>>
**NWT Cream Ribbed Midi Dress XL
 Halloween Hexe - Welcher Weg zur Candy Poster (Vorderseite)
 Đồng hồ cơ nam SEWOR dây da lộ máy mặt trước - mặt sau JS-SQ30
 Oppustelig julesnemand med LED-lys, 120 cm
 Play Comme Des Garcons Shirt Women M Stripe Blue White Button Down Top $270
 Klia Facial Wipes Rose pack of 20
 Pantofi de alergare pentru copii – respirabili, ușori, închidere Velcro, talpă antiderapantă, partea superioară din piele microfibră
<<
= Exercise brief =
Each line from the one with "Đồng hồ cơ nam" to the end of the material should be duplicated exactly, and no other line.

= Task answer =
 Đồng hồ cơ nam SEWOR dây da lộ máy mặt trước - mặt sau JS-SQ30
 Oppustelig julesnemand med LED-lys, 120 cm
 Play Comme Des Garcons Shirt Women M Stripe Blue White Button Down Top $270
 Klia Facial Wipes Rose pack of 20
 Pantofi de alergare pentru copii – respirabili, ușori, închidere Velcro, talpă antiderapantă, partea superioară din piele microfibră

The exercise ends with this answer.